UN : texte, mise en scène et interprétation de Mani Soleymanlou. Une orchestration rafraîchissante de l’indentité du monde.
Mani Soleymanlou. Photo Hugo-Sébastien Aubert, La Presse
Pour ce monologue autobiographique, aucun décor sinon des rangées de chaises vides, alignées sur la scène. Le comédien, assis tout seul, s’adresse au public et l’invite à rompre un tabou sacré de la représentation actuelle: «Gardez votre mobile allumé! Et parlez quand vous voulez. » Dès le départ, il se met en scène dans le rire et un chaos des plus joyeux, et pourtant le contenu du spectacle reste toujours sérieux, même empreint d’auto-dérision. l’acteur/auteur/personnage explique qu’il veut nous montrer sa trajectoire de vie depuis son départ de Téhéran en tant qu’enfant.

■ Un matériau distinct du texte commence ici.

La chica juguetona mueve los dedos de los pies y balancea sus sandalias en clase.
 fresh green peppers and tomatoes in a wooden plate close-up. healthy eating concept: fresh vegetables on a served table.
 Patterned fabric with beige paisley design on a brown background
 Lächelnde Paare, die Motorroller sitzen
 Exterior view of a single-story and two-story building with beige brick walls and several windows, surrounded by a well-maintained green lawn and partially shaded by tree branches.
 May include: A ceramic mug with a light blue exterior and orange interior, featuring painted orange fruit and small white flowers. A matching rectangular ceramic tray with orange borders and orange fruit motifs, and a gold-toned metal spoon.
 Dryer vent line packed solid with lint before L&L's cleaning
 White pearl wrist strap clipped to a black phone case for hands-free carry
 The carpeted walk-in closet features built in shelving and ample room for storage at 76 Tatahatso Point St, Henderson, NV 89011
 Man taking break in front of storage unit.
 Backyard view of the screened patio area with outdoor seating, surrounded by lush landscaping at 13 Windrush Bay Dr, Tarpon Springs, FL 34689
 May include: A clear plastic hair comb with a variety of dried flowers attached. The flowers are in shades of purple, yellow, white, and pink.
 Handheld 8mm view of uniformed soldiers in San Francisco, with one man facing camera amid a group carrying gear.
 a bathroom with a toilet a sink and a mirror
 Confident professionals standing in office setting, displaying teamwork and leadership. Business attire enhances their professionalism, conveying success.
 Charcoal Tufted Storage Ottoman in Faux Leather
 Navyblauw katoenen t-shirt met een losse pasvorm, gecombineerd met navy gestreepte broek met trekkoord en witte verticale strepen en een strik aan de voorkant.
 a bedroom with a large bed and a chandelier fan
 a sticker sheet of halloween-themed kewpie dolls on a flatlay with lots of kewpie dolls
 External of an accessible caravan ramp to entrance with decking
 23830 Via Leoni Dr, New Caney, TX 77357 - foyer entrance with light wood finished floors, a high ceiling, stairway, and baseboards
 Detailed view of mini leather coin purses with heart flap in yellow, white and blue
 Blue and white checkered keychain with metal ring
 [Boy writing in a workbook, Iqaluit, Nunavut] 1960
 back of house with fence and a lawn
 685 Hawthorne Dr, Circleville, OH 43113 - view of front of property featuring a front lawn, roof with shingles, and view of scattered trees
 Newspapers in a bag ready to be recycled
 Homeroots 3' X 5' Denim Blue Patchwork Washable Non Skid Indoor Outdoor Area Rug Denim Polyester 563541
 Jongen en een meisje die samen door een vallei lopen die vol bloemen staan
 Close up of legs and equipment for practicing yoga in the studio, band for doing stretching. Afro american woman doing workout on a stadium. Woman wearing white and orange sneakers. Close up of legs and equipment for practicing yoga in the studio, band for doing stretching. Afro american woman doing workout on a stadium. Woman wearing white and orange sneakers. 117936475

Toutefois, l’essentiel de son propos se résume à la fin de la soirée, par un délire verbal en trois langues (anglais, français et parsi). Les paroles se fondent les unes dans les autres pour devenir une étrange bouillie incompréhensible. On reconnaît rapidement la signification globale de ce bruitage qui efface toutes les frontières linguistiques, géographiques et culturelles. Ainsi, sans explications complexes, ce Torontois-« Arabe » -Québécois –Iranien qui a passé aussi par Ottawa et par Paris pour finir à Montréal, ou il a mis du temps pour s’adapter, termine la soirée en nous faisant cadeau de la véritable nature de son identité québécoise, dont il a été question tout au long du spectacle. Incapable de nous expliquer qui est ce « moi » qui ne connaît même plus son pays d’origine, puisque les sources de son identité sont de plus en plus floues sans disparaître complètement, il nous fait comprendre que cette masse de traces auditives constitue une métaphore scénique la plus juste et la plus vraie de l’identité individuelle puisque la « pureté » n’existe plus. « Un » est le rassemblement complexe de la diversité qui nous définit tous.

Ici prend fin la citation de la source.